Demna Gvasalia, head of the Vetements collective is yet another creative who has been put off by this juggernaut of a machine that is the fashion system. Alluding to the pressures of forced creativity imposed upon from a supplementary season, Demna was quoted as saying, “The whole industry runs so fast because we need to deliver something new to the store every two weeks so the client isn’t bored. They don’t want to wait for six months, so we have the pre-collection, the pre-pre-collection, and the main collection.” In this same conversation speaking with Business of Fashion, he also alluded to the lack of cohesiveness the current fashion cycle has with that of the production side. “The pieces became kind of soulless, you know, because they had to be made, but didn’t really have a reason to be. That was the most frustrating part for me.”

Taking into account both the monetary gains closely observed by a label’s board of directors and the creative output from those that design naturally leads into the discussion of its true significance. Are resort wears necessary to a brands survival and its growth? For those wanting to adopt the Public School mentality by amalgamating multiple seasons into one super show albeit aligning with the pre-season calendar, does this than somehow oblige both sides?

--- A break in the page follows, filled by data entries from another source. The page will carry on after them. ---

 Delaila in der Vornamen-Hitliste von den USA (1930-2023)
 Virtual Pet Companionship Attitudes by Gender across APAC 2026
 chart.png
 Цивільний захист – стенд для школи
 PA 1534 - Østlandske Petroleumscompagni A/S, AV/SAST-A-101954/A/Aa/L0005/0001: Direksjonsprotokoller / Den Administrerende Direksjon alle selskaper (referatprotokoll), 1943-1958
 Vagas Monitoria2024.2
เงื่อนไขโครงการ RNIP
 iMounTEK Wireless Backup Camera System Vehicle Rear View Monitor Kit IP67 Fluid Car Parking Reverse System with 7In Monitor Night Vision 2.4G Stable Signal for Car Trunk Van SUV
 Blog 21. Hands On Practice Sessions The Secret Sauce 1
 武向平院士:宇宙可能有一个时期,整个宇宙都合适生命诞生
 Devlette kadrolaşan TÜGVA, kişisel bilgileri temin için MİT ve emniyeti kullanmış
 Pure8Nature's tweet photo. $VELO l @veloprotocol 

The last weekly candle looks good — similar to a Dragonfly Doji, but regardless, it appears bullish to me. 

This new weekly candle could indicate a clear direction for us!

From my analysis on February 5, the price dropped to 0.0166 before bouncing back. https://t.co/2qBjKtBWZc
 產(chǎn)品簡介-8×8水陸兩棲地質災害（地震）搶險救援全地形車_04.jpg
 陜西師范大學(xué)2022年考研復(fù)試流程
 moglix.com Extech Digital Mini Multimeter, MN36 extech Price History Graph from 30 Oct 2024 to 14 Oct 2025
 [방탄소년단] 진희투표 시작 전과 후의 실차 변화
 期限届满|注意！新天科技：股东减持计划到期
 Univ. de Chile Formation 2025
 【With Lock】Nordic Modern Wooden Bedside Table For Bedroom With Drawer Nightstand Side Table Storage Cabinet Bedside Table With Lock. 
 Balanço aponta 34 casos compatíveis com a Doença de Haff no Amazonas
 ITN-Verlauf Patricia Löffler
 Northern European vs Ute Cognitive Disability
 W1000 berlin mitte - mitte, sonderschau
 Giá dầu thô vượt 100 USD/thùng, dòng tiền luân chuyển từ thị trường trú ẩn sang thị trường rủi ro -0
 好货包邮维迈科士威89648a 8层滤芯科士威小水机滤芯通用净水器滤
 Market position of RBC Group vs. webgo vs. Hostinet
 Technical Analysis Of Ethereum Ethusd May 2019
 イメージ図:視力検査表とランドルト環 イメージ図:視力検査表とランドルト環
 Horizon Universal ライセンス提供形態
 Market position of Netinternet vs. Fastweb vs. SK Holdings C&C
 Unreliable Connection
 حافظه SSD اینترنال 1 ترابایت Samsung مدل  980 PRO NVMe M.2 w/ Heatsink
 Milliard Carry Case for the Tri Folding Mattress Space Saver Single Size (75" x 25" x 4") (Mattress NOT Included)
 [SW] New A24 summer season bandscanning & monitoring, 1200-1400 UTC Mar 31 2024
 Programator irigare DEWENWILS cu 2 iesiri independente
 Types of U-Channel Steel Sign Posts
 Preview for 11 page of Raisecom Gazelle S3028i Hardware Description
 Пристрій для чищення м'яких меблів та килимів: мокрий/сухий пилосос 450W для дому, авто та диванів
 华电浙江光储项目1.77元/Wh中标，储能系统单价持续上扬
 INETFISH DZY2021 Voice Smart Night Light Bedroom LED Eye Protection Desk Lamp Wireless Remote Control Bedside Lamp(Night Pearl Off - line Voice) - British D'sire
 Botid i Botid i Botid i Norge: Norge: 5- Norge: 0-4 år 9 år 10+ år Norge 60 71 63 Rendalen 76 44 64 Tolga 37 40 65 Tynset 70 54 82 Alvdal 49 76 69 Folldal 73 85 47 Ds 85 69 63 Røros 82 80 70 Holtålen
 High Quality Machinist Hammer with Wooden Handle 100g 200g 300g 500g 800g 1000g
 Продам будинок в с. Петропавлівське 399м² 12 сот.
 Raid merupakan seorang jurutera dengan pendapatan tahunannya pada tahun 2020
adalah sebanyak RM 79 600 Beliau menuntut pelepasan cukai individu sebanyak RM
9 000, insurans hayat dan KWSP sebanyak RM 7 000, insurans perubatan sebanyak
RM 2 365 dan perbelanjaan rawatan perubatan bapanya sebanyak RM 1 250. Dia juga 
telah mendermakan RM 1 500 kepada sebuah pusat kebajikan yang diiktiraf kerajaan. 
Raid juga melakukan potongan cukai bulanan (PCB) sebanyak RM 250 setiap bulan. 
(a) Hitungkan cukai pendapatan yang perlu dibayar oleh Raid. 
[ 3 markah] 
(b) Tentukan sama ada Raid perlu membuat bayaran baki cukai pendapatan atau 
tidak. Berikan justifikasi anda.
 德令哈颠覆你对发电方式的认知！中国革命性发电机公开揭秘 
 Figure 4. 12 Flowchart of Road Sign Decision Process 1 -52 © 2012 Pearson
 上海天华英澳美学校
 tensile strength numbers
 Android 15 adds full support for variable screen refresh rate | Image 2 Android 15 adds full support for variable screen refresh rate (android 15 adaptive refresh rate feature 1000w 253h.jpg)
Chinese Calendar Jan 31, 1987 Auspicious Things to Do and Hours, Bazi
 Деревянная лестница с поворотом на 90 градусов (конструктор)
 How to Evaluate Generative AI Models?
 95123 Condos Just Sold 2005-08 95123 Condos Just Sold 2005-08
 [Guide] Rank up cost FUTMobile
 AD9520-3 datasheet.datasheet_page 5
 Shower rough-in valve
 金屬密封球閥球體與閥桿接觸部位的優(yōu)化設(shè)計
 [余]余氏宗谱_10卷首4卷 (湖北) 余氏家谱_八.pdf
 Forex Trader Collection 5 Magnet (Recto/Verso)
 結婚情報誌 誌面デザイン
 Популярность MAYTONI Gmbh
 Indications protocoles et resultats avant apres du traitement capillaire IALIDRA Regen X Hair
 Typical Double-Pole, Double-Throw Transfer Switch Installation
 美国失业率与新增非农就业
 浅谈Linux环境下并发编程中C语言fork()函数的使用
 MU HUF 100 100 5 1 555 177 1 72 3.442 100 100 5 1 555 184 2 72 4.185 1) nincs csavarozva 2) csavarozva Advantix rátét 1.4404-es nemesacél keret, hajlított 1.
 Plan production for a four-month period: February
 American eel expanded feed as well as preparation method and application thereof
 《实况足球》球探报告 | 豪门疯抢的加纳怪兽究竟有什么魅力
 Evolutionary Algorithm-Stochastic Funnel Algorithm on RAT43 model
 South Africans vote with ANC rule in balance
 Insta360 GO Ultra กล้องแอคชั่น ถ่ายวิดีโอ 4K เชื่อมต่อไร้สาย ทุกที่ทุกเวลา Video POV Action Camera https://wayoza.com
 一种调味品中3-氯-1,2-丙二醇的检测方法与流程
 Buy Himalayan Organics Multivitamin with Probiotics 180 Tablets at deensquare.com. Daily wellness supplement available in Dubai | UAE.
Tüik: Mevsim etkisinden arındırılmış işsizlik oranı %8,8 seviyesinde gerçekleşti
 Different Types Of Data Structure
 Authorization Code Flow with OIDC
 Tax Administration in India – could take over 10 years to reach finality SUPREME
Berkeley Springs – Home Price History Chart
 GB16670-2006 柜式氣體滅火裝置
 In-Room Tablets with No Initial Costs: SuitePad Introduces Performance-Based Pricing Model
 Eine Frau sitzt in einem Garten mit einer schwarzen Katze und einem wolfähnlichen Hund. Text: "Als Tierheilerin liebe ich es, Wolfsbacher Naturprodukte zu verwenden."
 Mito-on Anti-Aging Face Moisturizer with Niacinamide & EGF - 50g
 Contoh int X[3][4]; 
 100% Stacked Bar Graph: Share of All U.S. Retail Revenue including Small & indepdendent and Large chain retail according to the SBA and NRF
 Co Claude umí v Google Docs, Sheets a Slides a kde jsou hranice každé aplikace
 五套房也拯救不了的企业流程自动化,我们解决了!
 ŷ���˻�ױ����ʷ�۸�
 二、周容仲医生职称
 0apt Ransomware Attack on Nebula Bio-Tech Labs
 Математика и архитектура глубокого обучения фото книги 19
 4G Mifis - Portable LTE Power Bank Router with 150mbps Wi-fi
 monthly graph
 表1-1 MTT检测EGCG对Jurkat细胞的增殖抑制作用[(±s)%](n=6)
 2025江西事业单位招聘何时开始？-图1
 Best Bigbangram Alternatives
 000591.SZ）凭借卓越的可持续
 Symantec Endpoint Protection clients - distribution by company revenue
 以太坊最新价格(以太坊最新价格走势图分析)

While most perceive fashion to be a business before all else, more and more designers are standing up in preservation of artistic virtue — wanting to create based on inspiration rather than market demand. While no immediate evidence exists concerning its demise, the movement towards a streamlined fashion cycle is an outcome one would do well to prepare for. At the end of the day, such a conclusion may affect how you shop, and for us here, what we write.